In Morse Mill, Missouri between October 1871 to October 1872 (Depending on the reference) a girl named Bertha Alice Williams was born to William Poindecter Williams and his wife Matilda Lee. Bertha was one of 10 children William and Matilda produced. In her early years she was considered the most beautiful girl of Meremec Valley and highly sought after.
She moved to Catawissa, Missouri in her early 20’s and married Henry Graham, taking his last name, and had a daughter named Lila. They operated a hotel and farmed but over time the business became old and suddenly she became interested in a man seven years younger than her. It stirred up whispers of a scandal until Henry was also seen spending a lot of time with a “friend”. The marriage became bitter and dissolved into loud arguments. Not long after though her husband came down with pneumonia and she would stay by his side until he suddenly experienced pain in abdomen, had nausea and vomiting and passed away at the age of 34. After Grahams death Bertha waited a respectful amount of time, collected the insurance and marries the man she had been seeing while she had been with her husband, Eugene Gifford. He was a farmer and carpenter, he and Bertha have a child named James and she took Eugene's last name making her Bertha Alice Williams Graham Gifford, or Bertha Gifford for short and what she would be called by the papers and police later. Eugene had been considered popular and was very well liked but after marrying Bertha many people noted that he changed, before they had gotten married Eugene had been engaged and broke it off to be with Bertha.

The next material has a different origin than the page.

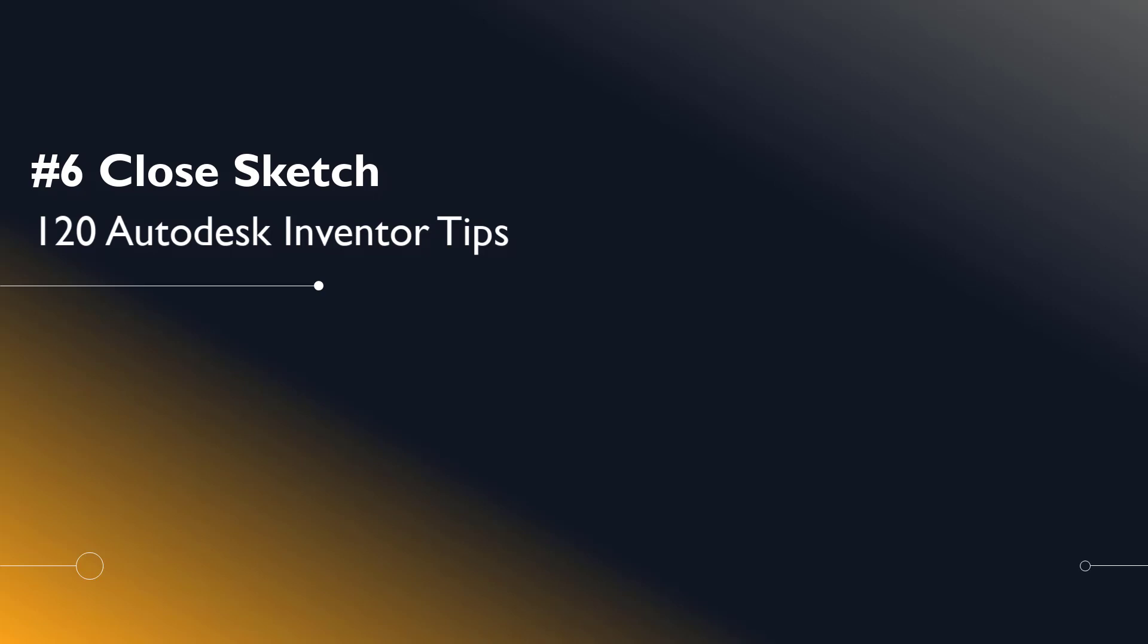Welcome Inventor users to another I Get It tech tip. In this series we'll be looking at 120 Autodesk Inventor tips.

She was really well known in her community for her cooking and willingness to help sick neighbors or relatives. She was known to be ready at any hour and leave her farmhouse known as the “Catawissa House of Mystery” by locals and attend to anyone within a 20 mile radius. Eagerly she would even leave her bed at night, put on the nurse uniform she had ready on the back of a chair at all times and take her horse and buggy, or when they became more available, she would take her car through any weather to the homes of those who needed her. She is said to have even arrived at the homes of patients before even the doctor.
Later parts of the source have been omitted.